Understanding Fact Recall in Language Models: Why Two-Stage Training Encourages Memorization but Mixed Training Teaches Knowledge
Ying Zhang, Benjamin Heinzerling, Dongyuan Li, Ryoma Ishigaki, Yuta Hitomi, Kentaro Inui

TL;DR
This paper investigates how different training strategies affect fact recall in language models, revealing that mixed training promotes shared parameters that enhance generalizable knowledge retrieval.
Contribution
It introduces cross-task gradient trace to analyze parameter sharing and demonstrates that mixed training encourages more shared parameters, improving fact recall.
Findings
Mixed training leads to a larger set of shared parameters.
Shared parameters are more centralized in mixed training.

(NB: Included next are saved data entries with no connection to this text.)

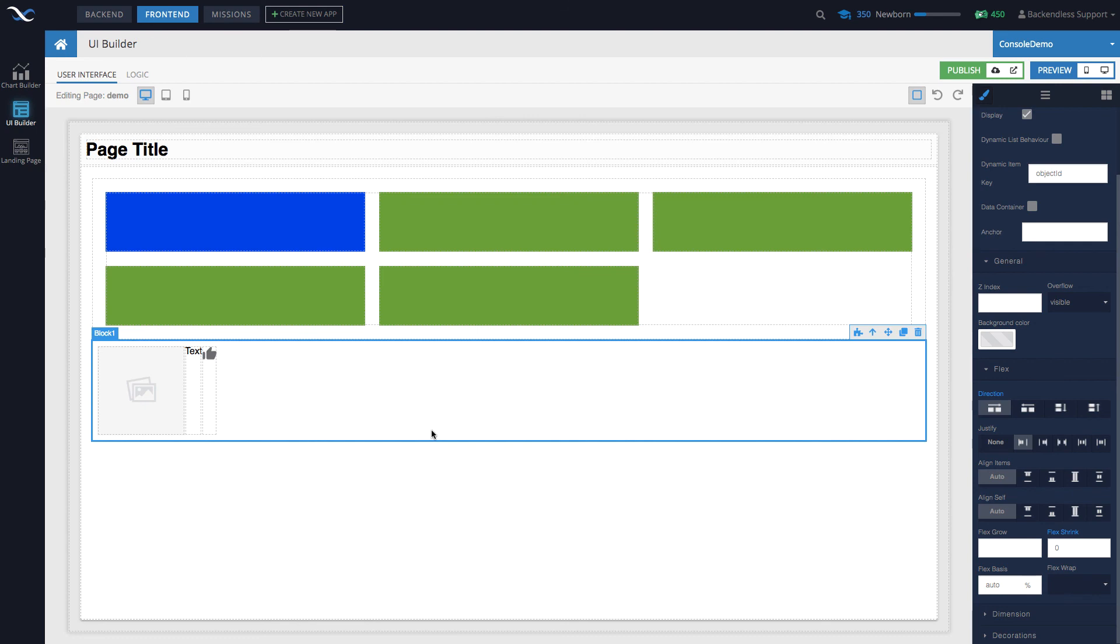But in here this could also be important as you move the components around, because the direction implies where it will be positioned once you move it around. So just to recap, we talked about adding components to the page, replicating components, deleting components, moving them around, and that's the scope of this video. Thank you for watching, and as always, happy codeless coding.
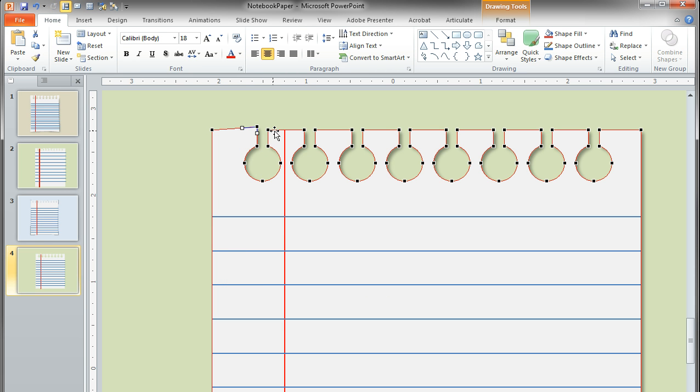And all you're going to do is adjust these edit handles randomly so that they look more freshly torn and less Stepford.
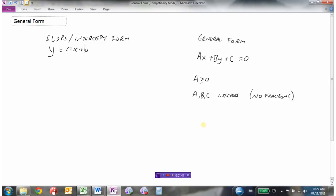An example of something in general form might look like this: 3x minus 5y plus 6 equals 0. We start with the x term, then the y term, then the constant term equals 0. There can't be any fractional coefficients, so 3, minus 5, and 6 — no fractions there. And our leading coefficient of x, which is 3, must be positive. So the criteria for general form are: x, y, constant equals 0; leading coefficient of x is non-negative; and no fractions.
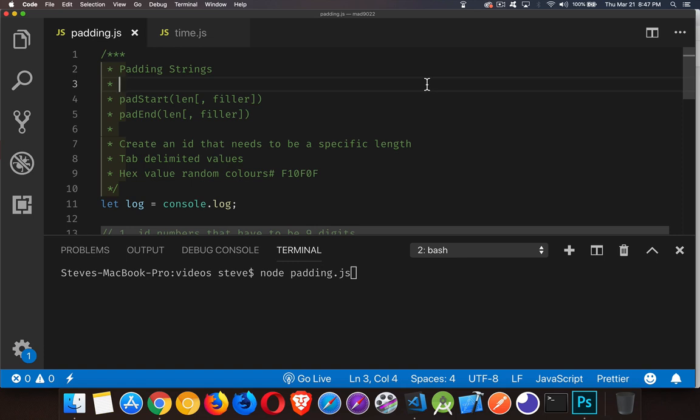Today we're going to do a short video on padding strings. There are two methods that were added recently to the string object: padStart and padEnd.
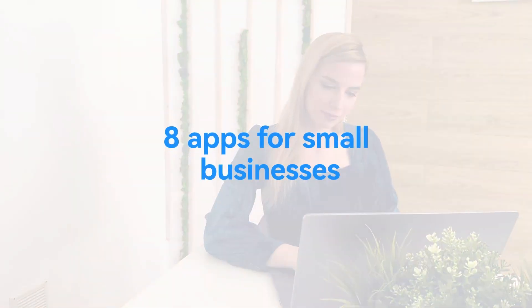Want to stretch your budget? Let's dive into the apps every small business owner needs.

Shared parameters facilitate generalizable fact recall.
Abstract
Fact recall, the ability of language models (LMs) to retrieve specific factual knowledge, remains a challenging task despite their impressive general capabilities. Common training strategies often struggle to promote robust recall behavior with two-stage training, which first trains a model with fact-storing examples (e.g., factual statements) and then with fact-recalling examples (question-answer pairs), tending to encourage rote memorization rather than generalizable fact retrieval. In contrast, mixed training, which jointly uses both types of examples, has been empirically shown to improve the ability to recall facts, but the underlying mechanisms are still poorly understood. In this work, we investigate how these training strategies affect how model parameters are shaped during training and how these differences relate to their ability to recall facts. We introduce cross-task…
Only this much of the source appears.